● DESCRIPTION OF THE TASK: When you reach the line with "Коттедж Jovial home" in the records below, begin transcribing exactly and continue up to and including the line with "Immagine 7 di", leaving out every picture.

● TASK MATERIAL:
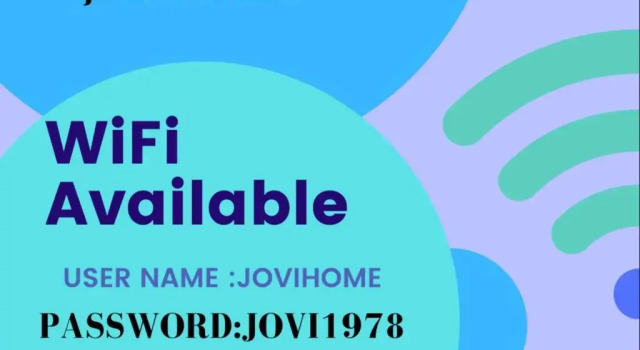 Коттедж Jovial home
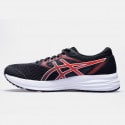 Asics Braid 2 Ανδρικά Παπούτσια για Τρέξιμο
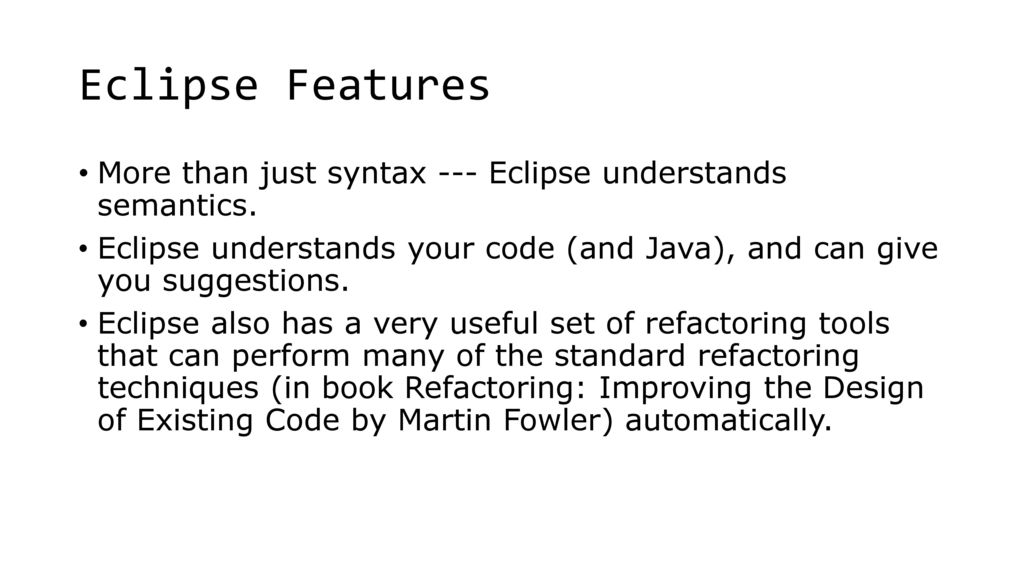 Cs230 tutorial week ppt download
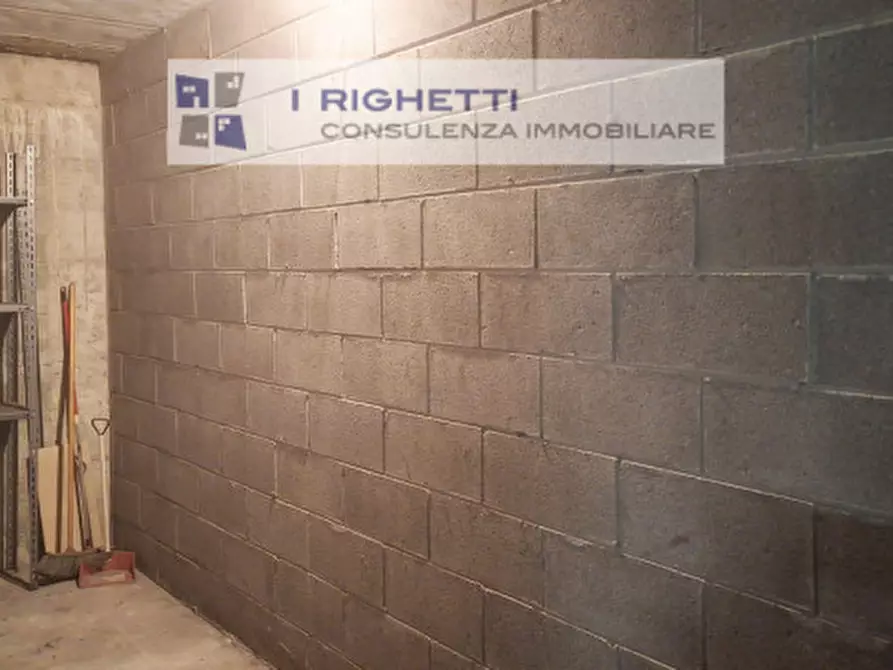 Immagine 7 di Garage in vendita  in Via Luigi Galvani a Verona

==

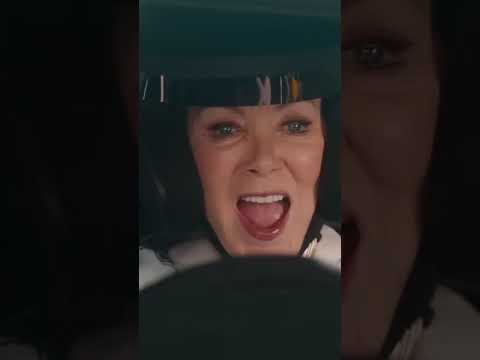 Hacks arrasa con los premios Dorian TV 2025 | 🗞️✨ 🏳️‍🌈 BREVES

● RESPONSE TO THE TASK:
 Коттедж Jovial home
 Asics Braid 2 Ανδρικά Παπούτσια για Τρέξιμο
 Cs230 tutorial week ppt download
 Immagine 7 di Garage in vendita  in Via Luigi Galvani a Verona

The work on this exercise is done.